A re-engineering of a favorite wintertime soup, Pho bo, or Vietnamese beef noodle soup. Real pho is made from an hours-long simmer of beef bones to make a light beef stock, but this recipe can be made on a weeknight in under an hour.
Feeds four, and requires about 45 minutes to prepare.
For the stock:
1 48 ounce can of College Inn chicken broth
1 14.5 ounce can of College Inn beef broth
1 dried star anise
1 tablespoon of “Three Crab” brand nam pla (fish sauce; in Vietnamese, nuoc mam). Use only excellent quality Thai or Vietnamese fish sauce sold in glass bottles. The cheap supermarket stuff reeks of old fish. Good nam pla has a strong savory smell that is only faintly fishy. Three Crab Fish Sauce is available on Amazon.
2 tablespoons of soy sauce
.5 teaspoon of dried ground galangal
.5 teaspoon ground cinnamon
1 large clove of garlic, sliced
1 cup of water (keeps the broth from getting too strong or reduced)
.5 cup finely sliced celery
3 tablespoons of minced white onion, roasted until just brown
1 tablespoon of fresh ginger, minced and roasted with the onions
Ground black pepper to taste
Roast the onions and ginger until just brown in a toaster oven, or in a sauté pan, then combine all the stock ingredients and bring up to a a boil, then down to a low simmer.
For the noodles:
Capellini (angel hair) pasta
Rice noodles (often sold as “rice sticks”)

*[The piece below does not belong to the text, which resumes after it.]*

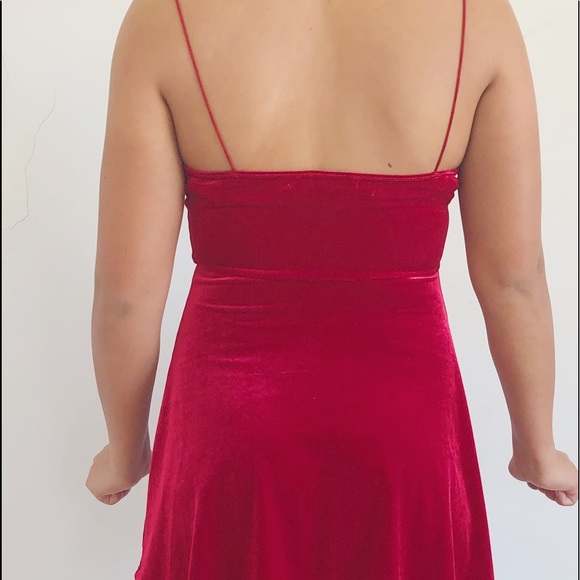 Red velvet urban outfitters dress - Picture 3 of 4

Use rice noodles for a more authentic pho. I find the rice noodles too bland, and usually prepare some capellini (angel hair) pasta as an alternative. Cook either or both as directed to be done about 5 minutes before serving the soup. Drain and place in a bowl so guests can assemble their soups themselves.
The beef:
2 filet mignon beef portions
Use a very tender cut of beef like filet mignon. Freeze several filets, then let them thaw partially in the refrigerator so that it is easier to slice into very fine slices. Slice the meat as finely as you can, and set aside. The beef slices are cooked in the final moments before serving by placing them in the bowls of hot soup and noodles. If you add the beef too soon even filet will toughen more than is ideal. The fine slices will cook instantly in the hot broth and stay tender.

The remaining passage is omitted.